--- Records provided ---

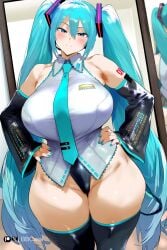 ai_generated bbcwai blue_hair hands_on_hips hatsune_miku hourglass_figure huge_breasts mirror no_pants pose solo solo_female solo_focus thick_thighs twintails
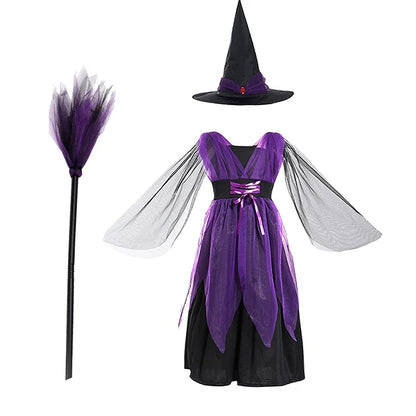 Kids Witch Halloween Costume Witch Cosplay Dress and Magic Hat Set Carnival Party Clothes for Girls Gothic Vampire Costume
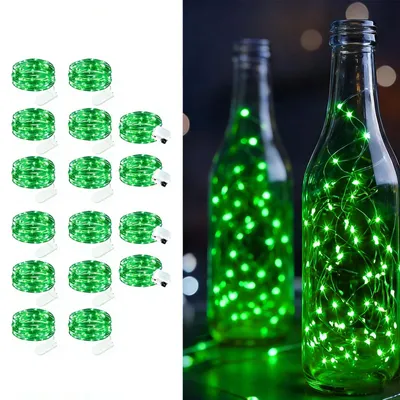 Lichterkette 2 m, grün, 16 LEDs, Kupferdraht, batteriebetrieben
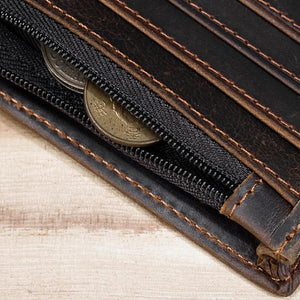 Leather Bifold Travel Wallet with ID Window and RFID Blocking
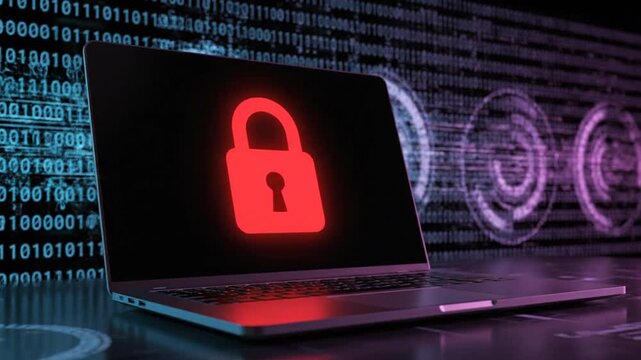 Laptop with glowing red padlock on binary code background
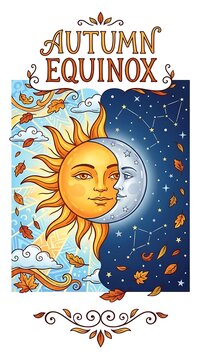 Autumn equinox illustration with sun and moon faces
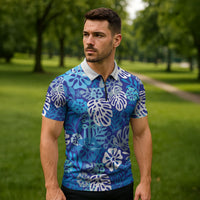 Blue Aloha Hawaiian Zipper Polo Shirt Monstera Hibiscus Tropical Pattern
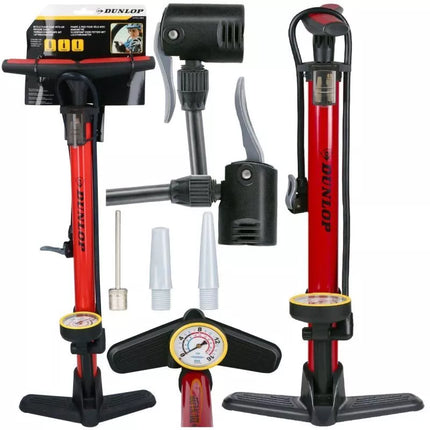 DUNLOP DIRBTUVIŲ DVIRAČIO POMPA 230 PSI (16 Bar) SU MANOMETRU RAUDONA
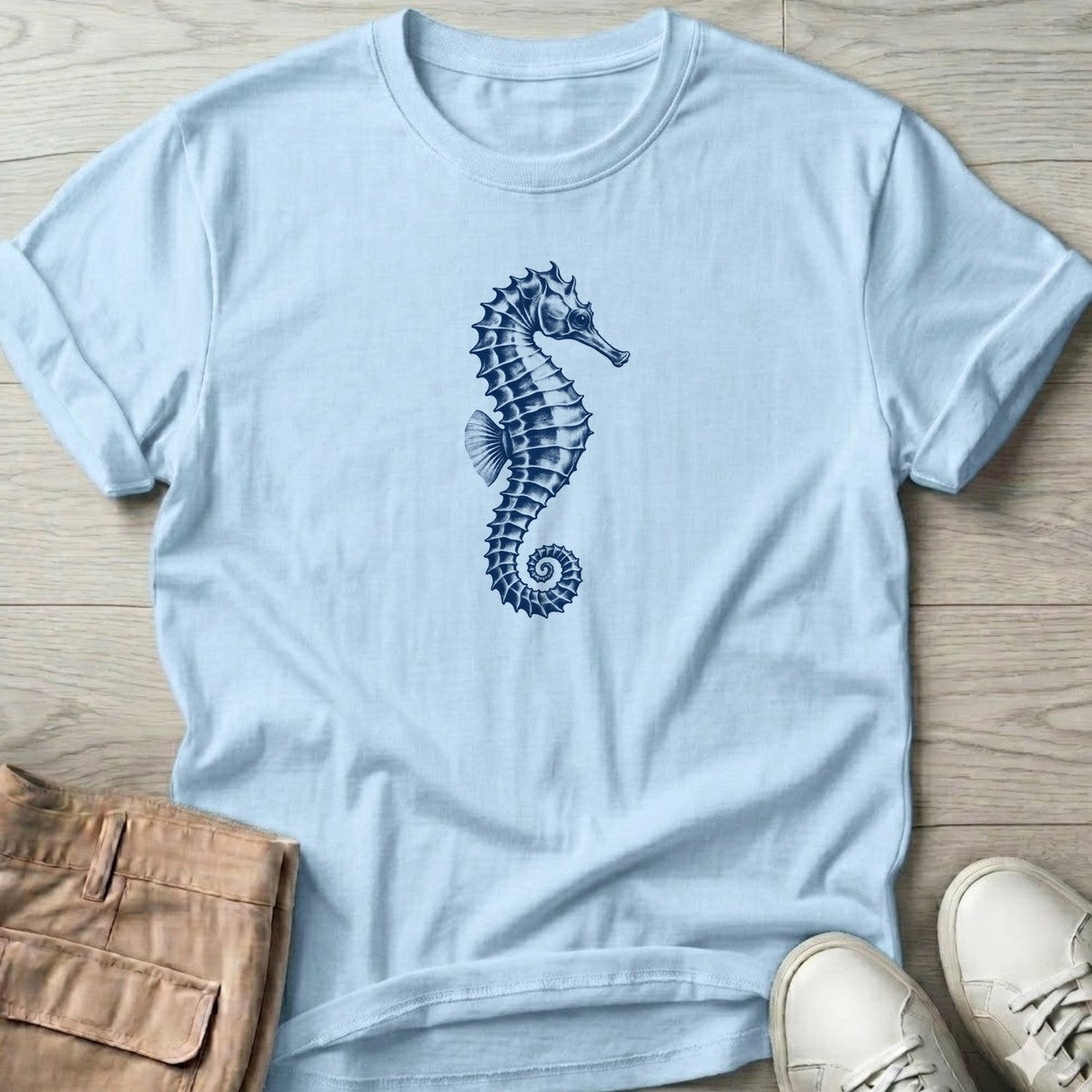 Navy Seahorse T-Shirt in Light Blue, Salty Paws T-Shirt, front design flat lay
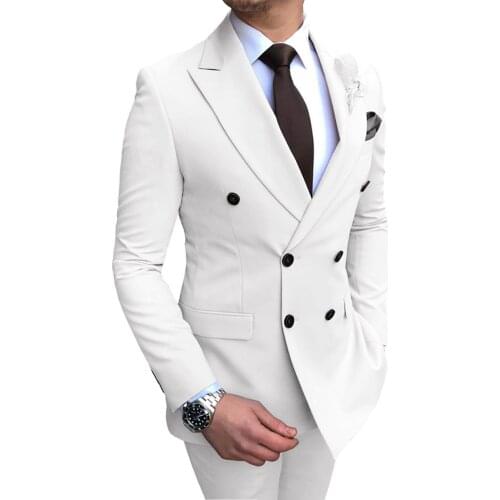 Double Breasted Men Suits White Groom Tuxedos Peak Lapel Groomsmen 2 Pieces Wedding Best Man ( Jacket+Pants+Tie ) C971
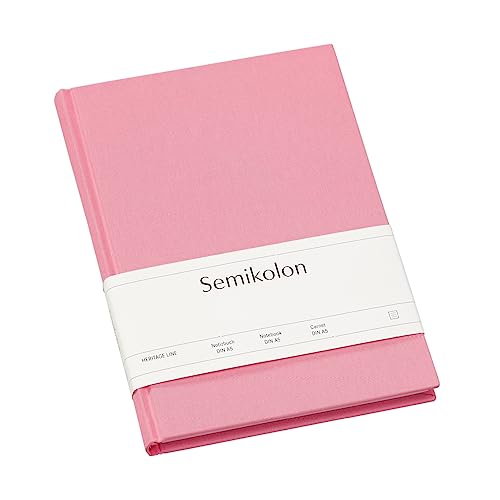 Semikolon 364088 - Notizbuch Classic A5 liniert - 176 Seiten, cremeweißes Papier – Lesezeichen – flamingo pink von Semikolon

---

Task statement>
Give back the entries above exactly as they stand. Leave the images out.

Exercise result>
 ai_generated bbcwai blue_hair hands_on_hips hatsune_miku hourglass_figure huge_breasts mirror no_pants pose solo solo_female solo_focus thick_thighs twintails
 Kids Witch Halloween Costume Witch Cosplay Dress and Magic Hat Set Carnival Party Clothes for Girls Gothic Vampire Costume
 Lichterkette 2 m, grün, 16 LEDs, Kupferdraht, batteriebetrieben
 Leather Bifold Travel Wallet with ID Window and RFID Blocking
 Laptop with glowing red padlock on binary code background
 Autumn equinox illustration with sun and moon faces
 Blue Aloha Hawaiian Zipper Polo Shirt Monstera Hibiscus Tropical Pattern
 DUNLOP DIRBTUVIŲ DVIRAČIO POMPA 230 PSI (16 Bar) SU MANOMETRU RAUDONA
 Navy Seahorse T-Shirt in Light Blue, Salty Paws T-Shirt, front design flat lay
 Double Breasted Men Suits White Groom Tuxedos Peak Lapel Groomsmen 2 Pieces Wedding Best Man ( Jacket+Pants+Tie ) C971
 Semikolon 364088 - Notizbuch Classic A5 liniert - 176 Seiten, cremeweißes Papier – Lesezeichen – flamingo pink von Semikolon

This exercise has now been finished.